Of course, there are sound research-based teaching strategies that are proven to help dyslexic learners. Like the importance of the use of multi-sensory approach to teaching. Multi-sensory teaching is a strategy which should always underpin your child’s learning.
If one dyslexia intervention is not working for your child, try something else!
This is a topic close to my heart! I have learned from experience. Don’t keep on with something over a prolonged period if it is not working for your child. Just because a particular intervention worked for someone else’s child, doesn’t mean it will work for yours.

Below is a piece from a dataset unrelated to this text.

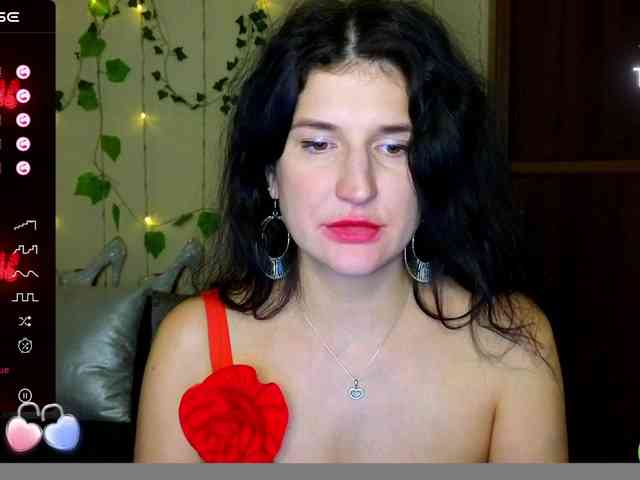 AliannaSoloKisses webcam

In my case, just because I have written a particular activity into a Lesson Plan – and it’s worked before – doesn’t mean it will help the child sitting in front of me!
I am not recommending abandoning an intervention if there is no improvement in just a few short weeks. Unfortunately, dyslexic children are in it for the long haul. But I have been as guilty as anyone with persevering with something that is just not working. Don’t keep on with an intervention or activity or even a game, which is not going to help your child. Try something different. As Stephen Guise says, “If you fail using a strategy more than a few times, you need to try another one.”
If the “Look, Cover, Write, Check” method of learning spellings is not working for your child, try something else. Write the spellings on flashcards. Spell them using magnetic letters on your fridge door. Get your child to model the words out of play dough or make them out of pastry.
If your child struggles to read, download an audio version of the book onto an MP3 player or her phone. Get her to follow the story in the book, as she listens to it on her phone. You will be surprised how much this will benefit both her reading and her vocabulary.
Pay close attention to your dyslexic child!
Keep checking if a particular method is working.
Be flexible. Try out different ways of helping your dyslexic child learn.
The expert is sitting right in front of you! Watch what your child is doing and what she is saying.